Projects that reached FID before 2014—including mega-projects such as Lula and Golden Eagle—will cover 60 percent of the anticipated supply gap in 2020–21, but projects approved since 2014 are not sufficient to cover the remaining 40 percent. If no new projects were sanctioned going forward, we would expect a supply gap of approximately 35 MMb/d to materialize by 2030.
The supply gap is unlikely to be fully offset by shale oil, OPEC, and other onshore production. US shale oil production is expected to grow to ~8 MMb/d by 2030 in our base case. Yet barring a considerable price increase, resource constraints in legacy plays and high declines (another 1.5 MMb/d of production will need to be replaced by 2030) will start restraining output beyond that level. Global shale is not yet economic enough to fill the gap. Similarly, OPEC output is likely to be capped by the group’s policy of output restraint and also affected by the region’s lingering political instability.
In our base case, OPEC will grow production only to maintain market share, with most of the new growth coming from Iran and Iraq, adding some 2.5 MMb/d over current OPEC production levels. Yet this is still not enough to fill in the supply gap. The rest of onshore production is expected to add 7.2 MMb/d, including production that needs to be replaced.
Consequently, over the next decade a gap of 15–16 MMb/d will remain, resulting in a market tightening that presents a considerable opportunity for offshore and especially lower-cost deepwater greenfield projects.
Cost compression has made offshore projects increasingly competitive since the downturn, and the gains are expected to be partly retained thanks to fundamental changes in the way operators approach projects. Drivers of reduced costs include greater standardization and modular design, higher use of existing facilities through tiebacks, as well as better coordination between operators and suppliers. Lower personnel costs and rig rates are also expected to last for some time, and single source service suppliers should help keep costs down.

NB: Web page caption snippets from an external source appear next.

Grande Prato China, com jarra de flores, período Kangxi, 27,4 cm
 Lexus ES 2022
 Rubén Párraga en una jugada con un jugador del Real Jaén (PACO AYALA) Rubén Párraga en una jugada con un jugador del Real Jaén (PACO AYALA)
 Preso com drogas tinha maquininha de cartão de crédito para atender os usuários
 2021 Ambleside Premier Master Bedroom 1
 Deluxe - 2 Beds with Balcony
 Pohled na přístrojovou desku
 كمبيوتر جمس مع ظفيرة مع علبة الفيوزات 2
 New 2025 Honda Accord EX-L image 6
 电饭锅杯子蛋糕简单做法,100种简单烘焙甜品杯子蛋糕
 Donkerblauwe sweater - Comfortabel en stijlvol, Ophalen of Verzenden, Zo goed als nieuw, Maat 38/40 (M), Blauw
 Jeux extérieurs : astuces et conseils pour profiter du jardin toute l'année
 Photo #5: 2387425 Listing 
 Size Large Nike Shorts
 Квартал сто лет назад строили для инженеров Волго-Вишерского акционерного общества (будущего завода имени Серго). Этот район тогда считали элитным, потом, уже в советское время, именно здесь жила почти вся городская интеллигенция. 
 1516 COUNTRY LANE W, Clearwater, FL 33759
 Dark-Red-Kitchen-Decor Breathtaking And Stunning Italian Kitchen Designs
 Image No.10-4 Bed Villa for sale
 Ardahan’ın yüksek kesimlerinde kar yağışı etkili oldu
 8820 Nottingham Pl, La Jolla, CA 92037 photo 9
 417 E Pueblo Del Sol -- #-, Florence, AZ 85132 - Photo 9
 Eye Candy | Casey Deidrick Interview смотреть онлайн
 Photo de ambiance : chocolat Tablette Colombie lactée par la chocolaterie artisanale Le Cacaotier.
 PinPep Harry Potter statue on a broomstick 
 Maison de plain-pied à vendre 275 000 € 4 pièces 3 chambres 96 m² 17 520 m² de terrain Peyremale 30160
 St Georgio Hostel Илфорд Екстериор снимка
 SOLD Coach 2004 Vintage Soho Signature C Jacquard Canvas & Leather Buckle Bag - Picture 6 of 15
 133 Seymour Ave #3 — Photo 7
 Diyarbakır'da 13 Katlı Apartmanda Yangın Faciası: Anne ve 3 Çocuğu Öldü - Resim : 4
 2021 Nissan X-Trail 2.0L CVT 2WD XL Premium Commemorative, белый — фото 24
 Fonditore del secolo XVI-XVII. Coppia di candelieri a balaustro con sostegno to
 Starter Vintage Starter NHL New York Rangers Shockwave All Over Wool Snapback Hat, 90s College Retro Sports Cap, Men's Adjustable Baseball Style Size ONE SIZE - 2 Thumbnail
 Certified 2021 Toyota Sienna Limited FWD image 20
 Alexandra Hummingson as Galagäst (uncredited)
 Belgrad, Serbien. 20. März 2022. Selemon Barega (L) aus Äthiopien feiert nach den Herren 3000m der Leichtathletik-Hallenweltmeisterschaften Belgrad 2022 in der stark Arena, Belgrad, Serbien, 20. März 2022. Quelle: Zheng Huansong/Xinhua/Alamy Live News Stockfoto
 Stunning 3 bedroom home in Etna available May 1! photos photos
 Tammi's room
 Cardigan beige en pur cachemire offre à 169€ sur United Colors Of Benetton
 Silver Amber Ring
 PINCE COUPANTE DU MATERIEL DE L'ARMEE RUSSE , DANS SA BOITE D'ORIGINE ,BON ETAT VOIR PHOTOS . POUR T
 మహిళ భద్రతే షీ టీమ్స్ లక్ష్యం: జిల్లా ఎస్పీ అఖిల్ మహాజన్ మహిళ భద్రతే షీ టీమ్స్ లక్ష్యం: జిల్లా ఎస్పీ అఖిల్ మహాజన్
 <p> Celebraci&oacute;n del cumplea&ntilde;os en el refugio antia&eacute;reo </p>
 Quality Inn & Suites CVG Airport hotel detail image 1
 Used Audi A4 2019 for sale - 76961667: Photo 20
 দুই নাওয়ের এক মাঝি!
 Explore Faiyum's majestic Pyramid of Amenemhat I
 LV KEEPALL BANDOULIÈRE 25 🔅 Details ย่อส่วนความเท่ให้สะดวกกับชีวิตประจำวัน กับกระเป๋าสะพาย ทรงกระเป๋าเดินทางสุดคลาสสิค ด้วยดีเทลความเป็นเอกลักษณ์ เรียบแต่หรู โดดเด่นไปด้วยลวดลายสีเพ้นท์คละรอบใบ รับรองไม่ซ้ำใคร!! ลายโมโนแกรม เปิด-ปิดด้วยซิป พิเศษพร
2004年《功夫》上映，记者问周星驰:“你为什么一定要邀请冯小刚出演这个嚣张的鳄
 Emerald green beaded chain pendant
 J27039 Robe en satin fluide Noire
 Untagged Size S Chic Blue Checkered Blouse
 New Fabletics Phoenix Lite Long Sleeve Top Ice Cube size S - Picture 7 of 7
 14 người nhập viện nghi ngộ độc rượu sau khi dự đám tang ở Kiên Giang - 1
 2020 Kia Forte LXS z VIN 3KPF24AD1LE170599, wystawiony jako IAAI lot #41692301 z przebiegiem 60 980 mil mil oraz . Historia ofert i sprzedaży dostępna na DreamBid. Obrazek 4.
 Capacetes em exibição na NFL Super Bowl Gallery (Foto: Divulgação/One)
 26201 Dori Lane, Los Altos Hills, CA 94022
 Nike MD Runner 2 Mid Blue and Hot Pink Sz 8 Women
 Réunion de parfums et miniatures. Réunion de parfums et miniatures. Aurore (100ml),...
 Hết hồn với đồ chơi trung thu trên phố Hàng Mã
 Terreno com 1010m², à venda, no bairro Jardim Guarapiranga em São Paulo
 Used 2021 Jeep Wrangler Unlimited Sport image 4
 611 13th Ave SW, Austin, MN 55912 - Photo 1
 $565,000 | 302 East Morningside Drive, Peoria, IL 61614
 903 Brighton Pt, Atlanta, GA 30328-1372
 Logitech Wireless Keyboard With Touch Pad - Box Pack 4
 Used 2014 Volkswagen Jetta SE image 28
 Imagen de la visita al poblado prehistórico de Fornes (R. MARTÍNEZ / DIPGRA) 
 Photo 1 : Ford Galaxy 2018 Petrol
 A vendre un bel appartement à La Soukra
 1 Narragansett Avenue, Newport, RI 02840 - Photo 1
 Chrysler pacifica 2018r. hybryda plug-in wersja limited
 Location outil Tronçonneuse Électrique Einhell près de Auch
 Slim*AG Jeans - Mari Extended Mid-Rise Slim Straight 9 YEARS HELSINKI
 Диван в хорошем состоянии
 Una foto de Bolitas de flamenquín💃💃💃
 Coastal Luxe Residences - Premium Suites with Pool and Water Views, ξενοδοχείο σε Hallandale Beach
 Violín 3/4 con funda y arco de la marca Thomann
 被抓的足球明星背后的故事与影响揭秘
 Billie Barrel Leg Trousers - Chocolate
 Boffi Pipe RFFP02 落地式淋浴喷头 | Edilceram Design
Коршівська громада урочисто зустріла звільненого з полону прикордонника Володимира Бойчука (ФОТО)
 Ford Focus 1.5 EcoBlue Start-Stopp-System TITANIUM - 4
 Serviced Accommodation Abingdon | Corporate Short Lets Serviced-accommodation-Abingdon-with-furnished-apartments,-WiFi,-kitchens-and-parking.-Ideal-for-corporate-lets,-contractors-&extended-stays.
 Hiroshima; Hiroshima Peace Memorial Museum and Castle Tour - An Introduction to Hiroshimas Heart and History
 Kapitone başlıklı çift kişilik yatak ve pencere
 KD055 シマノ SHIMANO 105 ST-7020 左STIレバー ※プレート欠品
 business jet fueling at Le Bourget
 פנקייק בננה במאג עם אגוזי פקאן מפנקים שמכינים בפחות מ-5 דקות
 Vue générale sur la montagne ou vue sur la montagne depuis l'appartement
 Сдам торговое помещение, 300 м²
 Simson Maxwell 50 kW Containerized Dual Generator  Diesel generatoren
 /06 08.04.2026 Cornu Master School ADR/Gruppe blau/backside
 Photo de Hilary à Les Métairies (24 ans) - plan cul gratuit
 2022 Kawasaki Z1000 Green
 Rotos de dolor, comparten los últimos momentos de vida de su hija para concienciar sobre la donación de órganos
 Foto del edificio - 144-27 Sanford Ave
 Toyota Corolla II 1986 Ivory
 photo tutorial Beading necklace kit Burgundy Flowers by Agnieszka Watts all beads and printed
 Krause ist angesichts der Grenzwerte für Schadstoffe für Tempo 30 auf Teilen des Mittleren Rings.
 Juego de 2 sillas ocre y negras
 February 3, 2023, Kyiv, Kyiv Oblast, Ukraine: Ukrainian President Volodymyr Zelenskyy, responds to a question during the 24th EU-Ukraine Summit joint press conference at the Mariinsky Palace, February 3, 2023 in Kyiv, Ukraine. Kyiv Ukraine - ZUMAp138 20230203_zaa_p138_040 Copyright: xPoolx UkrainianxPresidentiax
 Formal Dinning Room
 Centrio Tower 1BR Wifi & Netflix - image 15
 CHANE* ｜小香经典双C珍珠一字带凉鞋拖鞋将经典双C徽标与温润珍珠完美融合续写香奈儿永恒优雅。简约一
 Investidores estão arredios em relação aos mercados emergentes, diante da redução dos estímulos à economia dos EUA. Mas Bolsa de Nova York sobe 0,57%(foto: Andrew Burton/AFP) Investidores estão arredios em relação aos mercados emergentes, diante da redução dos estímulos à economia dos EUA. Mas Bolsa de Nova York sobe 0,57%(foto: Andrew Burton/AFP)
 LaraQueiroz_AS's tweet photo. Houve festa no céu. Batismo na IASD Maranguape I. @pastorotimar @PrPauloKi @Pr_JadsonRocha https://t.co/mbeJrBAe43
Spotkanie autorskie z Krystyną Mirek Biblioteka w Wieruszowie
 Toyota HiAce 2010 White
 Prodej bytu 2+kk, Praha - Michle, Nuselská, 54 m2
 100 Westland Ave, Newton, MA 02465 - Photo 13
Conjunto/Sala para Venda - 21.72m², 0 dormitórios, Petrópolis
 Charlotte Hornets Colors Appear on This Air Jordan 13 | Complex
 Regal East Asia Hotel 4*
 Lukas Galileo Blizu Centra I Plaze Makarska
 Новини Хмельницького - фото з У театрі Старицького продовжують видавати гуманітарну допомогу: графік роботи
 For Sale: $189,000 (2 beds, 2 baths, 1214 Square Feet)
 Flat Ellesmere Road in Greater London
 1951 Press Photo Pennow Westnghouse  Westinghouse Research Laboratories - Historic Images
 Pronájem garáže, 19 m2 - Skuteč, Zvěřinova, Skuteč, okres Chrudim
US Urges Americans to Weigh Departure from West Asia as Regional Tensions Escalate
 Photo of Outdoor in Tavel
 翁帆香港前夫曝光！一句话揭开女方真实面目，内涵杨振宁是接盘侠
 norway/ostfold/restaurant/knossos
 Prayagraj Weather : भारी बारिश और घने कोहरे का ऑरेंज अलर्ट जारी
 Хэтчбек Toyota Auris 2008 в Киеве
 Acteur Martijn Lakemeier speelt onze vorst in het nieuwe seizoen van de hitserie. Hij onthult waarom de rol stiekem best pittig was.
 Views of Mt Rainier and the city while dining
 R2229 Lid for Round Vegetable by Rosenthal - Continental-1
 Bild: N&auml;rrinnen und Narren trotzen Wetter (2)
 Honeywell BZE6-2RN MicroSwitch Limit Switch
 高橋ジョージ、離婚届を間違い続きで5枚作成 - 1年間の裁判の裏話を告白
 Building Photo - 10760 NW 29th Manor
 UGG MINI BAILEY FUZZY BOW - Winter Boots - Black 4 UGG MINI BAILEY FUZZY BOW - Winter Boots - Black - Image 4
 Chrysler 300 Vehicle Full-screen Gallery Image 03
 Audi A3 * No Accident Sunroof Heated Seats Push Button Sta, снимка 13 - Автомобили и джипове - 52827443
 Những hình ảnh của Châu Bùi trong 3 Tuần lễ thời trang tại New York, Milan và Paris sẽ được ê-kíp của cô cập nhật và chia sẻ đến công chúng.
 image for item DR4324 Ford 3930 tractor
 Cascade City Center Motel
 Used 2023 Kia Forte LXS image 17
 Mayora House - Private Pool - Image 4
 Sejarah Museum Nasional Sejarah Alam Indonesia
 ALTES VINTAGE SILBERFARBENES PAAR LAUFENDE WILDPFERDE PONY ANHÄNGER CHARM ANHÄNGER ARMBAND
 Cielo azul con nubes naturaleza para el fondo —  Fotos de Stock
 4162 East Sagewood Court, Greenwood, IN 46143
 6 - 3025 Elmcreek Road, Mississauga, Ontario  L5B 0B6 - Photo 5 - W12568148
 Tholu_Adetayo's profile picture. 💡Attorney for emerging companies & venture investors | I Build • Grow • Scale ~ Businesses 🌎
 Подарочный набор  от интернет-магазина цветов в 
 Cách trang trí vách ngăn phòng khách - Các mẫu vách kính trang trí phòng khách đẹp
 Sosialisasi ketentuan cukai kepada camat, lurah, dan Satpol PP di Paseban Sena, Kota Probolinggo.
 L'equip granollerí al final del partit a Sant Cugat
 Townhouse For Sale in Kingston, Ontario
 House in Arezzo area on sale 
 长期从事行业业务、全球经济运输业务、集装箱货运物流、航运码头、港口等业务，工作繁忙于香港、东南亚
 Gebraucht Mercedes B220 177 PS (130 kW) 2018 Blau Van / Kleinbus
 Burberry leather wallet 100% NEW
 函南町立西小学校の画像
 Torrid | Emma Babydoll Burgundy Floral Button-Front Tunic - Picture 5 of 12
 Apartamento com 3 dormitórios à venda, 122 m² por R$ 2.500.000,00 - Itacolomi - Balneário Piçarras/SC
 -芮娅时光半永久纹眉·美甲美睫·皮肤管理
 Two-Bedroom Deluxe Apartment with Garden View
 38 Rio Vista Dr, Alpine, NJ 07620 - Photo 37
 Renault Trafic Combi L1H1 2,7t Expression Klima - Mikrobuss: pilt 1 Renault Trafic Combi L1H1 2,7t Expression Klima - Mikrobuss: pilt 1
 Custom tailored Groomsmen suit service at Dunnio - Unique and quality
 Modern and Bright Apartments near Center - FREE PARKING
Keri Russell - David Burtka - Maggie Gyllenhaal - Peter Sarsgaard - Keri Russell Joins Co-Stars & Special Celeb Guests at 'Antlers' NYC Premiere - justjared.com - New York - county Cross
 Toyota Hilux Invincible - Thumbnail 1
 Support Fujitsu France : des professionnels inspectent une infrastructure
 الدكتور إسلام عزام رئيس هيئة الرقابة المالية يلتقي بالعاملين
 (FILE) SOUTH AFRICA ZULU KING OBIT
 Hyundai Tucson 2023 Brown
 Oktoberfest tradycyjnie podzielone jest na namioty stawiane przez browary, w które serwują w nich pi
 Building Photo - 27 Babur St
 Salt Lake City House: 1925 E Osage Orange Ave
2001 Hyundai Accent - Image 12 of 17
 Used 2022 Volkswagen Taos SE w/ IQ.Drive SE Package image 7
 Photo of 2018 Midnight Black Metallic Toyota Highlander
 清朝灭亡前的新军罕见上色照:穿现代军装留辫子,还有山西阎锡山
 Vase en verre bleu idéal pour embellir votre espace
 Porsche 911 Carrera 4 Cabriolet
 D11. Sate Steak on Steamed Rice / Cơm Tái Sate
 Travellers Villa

The use of newer and more powerful rigs further helps improve project economics, as do more competitive fiscal terms from governments that seek to encourage faltering development; a good example of favorable government policy includes the most recent UK Budget revision toward transferable tax credits at the time of a field sale.
As a result of cost compression, deepwater breakeven levels are likely to continue being 20 to 25 percent lower than 2014, despite a situation where oil prices increase to $70/bbl in our base case. The wider margin created by lower costs should place deepwater investments firmly at the left side of the global oil cost curve, making these projects viable to close the supply gap.
Incremental new deepwater production from pre-FID projects could thus reach 10.4 MMb/d by 2030, which along with increased shallow water will be sufficient to meet the estimated ~16 MMb/d required to meet demand and replace the declines in existing offshore fields. In order to achieve this level of deepwater growth the industry would need to invest $654 billion in cumulative capex for unsanctioned projects by 2030. While this capex will likely be distributed among the world’s deepwater basins, it is expected that a significant portion will continue to be invested in projects in Brazil’s presalt (~25 percent) and the US Gulf of Mexico (~15 percent), thanks to their favorable economic and investment-friendly conditions.
Even if only a conservative portion of this investment potential materializes, the low oil prices we have experienced over the past two years could therefore trigger a new wave of deepwater investment by 2030.